Technology and machine learning already helps travel marketers make decisions about the right message to the right target market, at the right moment. And a recent “Think with Google” post gave us some fascinating insight into guest behaviour when it comes to travel.
“Travel inspiration is everywhere and the journey to purchase is a full of twists and turns.”
What are the most popular drivers for UK travellers booking a trip:
19% – “I regularly think about trips I want to take.”
19% = “I felt I was due a vacation”.
15% – “I had wanted to travel to a destination for some time”.
So the journey from look to book is long, exciting and possibly tedious, involves different information sources and platforms, and is unique to that user. Attribution of marketing spend may well be spread across five or more campaigns running for 12 months. Or it may be a 10 minute spur of the moment journey for search engine to website to online booking. And everything in-between.
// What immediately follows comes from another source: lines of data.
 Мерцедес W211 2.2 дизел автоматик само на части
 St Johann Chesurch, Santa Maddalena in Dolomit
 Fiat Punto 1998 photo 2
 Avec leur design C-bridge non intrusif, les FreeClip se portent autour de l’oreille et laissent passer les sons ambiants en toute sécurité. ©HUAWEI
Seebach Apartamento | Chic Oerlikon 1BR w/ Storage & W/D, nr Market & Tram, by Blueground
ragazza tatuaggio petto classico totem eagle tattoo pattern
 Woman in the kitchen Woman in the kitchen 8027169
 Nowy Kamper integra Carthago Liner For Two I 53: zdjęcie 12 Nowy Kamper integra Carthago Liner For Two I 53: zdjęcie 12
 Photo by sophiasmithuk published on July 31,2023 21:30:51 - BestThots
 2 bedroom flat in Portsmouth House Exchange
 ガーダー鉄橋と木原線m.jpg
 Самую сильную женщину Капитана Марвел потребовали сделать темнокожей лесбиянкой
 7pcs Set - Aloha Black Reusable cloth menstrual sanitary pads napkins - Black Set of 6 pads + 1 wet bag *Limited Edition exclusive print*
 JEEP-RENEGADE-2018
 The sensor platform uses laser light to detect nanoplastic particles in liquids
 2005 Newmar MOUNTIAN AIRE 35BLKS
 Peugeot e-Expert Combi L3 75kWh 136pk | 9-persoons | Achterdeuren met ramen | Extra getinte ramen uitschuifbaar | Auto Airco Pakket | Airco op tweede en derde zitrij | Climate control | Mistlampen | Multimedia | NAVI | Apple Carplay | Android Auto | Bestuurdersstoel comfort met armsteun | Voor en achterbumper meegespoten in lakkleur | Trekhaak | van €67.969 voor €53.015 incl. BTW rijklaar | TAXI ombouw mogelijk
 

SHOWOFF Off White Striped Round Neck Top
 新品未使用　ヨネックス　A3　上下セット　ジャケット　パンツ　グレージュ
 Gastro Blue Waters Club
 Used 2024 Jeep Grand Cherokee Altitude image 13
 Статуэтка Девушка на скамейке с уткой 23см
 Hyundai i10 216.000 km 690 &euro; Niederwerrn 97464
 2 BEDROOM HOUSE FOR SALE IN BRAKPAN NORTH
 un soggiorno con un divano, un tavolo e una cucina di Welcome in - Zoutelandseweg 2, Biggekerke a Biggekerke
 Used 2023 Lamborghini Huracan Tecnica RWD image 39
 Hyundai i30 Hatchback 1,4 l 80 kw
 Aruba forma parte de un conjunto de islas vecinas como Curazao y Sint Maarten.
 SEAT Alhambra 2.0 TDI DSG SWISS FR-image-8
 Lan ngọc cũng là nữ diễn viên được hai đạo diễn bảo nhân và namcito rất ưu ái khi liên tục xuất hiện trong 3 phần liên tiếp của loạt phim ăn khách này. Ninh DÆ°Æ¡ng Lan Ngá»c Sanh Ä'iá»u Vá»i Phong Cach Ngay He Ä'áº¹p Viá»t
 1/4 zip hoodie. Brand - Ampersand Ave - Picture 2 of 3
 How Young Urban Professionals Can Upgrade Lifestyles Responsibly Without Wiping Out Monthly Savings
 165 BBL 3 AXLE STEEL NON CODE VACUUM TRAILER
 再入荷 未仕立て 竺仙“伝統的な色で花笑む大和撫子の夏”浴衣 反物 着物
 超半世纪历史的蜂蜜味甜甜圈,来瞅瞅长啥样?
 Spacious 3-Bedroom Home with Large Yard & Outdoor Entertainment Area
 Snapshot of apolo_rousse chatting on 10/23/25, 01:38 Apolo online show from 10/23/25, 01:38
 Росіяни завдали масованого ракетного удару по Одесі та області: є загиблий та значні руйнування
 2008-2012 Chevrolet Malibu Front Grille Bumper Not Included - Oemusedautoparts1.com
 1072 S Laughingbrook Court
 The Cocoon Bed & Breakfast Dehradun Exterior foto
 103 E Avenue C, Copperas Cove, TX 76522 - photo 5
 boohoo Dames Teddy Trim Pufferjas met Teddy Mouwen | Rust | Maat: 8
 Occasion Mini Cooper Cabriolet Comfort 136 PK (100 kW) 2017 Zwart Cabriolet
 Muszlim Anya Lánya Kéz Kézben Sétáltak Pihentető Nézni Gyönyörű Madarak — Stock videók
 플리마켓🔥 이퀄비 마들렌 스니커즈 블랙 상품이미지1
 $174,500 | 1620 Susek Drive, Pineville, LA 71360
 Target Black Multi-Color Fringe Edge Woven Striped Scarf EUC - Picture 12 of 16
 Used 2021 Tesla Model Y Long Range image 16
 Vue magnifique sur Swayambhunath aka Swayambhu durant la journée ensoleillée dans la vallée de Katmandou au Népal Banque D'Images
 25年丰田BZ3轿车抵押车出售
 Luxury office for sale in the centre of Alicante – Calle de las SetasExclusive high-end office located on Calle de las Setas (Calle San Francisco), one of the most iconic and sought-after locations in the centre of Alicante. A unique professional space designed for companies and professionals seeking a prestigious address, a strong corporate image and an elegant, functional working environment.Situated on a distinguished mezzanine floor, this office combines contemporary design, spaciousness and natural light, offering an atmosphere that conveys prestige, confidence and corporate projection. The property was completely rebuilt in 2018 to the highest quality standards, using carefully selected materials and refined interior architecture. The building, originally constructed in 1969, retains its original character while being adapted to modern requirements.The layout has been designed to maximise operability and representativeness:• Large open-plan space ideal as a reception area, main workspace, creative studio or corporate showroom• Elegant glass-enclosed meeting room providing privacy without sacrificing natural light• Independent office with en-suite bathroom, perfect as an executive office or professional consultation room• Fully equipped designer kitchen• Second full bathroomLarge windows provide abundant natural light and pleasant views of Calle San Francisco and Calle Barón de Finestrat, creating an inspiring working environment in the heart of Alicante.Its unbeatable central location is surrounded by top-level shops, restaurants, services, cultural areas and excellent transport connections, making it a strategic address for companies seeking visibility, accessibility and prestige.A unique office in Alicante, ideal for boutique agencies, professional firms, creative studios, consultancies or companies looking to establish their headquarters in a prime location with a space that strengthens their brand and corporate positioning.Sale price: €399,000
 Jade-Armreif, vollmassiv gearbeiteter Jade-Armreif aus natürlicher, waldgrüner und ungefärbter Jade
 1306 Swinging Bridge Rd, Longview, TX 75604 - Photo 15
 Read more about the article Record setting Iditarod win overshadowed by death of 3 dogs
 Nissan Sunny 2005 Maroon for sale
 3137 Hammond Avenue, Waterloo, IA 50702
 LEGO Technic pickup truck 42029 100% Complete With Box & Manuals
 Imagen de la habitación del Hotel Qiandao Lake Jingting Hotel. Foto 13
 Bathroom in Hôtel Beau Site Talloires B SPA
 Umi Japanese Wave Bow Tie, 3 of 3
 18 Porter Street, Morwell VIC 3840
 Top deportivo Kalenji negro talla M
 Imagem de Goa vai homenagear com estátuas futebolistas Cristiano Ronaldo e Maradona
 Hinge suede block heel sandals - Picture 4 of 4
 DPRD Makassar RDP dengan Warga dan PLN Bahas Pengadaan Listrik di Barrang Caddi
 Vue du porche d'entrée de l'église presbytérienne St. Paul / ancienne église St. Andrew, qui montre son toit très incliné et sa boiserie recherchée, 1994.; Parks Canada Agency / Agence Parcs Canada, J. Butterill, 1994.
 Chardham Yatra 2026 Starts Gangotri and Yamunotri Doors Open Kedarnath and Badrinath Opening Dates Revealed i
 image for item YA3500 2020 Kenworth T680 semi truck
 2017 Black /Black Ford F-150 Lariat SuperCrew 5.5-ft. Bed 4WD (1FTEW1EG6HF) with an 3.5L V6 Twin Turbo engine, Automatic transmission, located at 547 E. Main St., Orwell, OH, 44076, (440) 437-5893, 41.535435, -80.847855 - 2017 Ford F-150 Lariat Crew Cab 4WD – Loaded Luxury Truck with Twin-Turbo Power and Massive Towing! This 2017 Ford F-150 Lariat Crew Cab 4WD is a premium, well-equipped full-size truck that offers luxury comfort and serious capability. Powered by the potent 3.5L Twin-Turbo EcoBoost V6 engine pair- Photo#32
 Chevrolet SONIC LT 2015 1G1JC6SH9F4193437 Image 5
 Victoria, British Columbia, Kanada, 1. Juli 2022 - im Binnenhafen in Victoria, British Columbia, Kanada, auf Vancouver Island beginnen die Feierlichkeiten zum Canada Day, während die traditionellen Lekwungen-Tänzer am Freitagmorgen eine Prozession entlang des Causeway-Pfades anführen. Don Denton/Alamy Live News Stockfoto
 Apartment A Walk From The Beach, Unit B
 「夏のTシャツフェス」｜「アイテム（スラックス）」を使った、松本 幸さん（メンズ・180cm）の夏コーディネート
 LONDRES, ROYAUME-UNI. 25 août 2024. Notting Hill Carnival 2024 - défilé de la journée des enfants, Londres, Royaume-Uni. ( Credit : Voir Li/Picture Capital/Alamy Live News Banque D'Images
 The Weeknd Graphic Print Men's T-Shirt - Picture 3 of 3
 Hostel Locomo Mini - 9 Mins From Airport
“95% of guests continue to research a location after booking.”
Credit card details entered, booking confirmed, job done. Not quite because this is the point at which travel companies need to begin their work to ensure that guests books again. Delivering the right information at the right time before and during the stay, meeting the needs of that guest and helping them to have a memorable stay is paramount in creating long-standing repeat guests.
“47% did not book because a need was unmet, versus 26% because of price”.
The needs of a guest? Again these are varied and deeply personal to the individual. For Beach Retreats, we survey guests to ensure we are meeting these needs and wants; proximity to the beach and coastal walks, the trust and confidence that we will look after them before during and after their stay, and of course the standard of accommodation they will enjoy.
For the past three months (November to January 2020), guest feedback scored us 100% for the questions “would you recommend us to friends and families?” and “would you book with us again?”.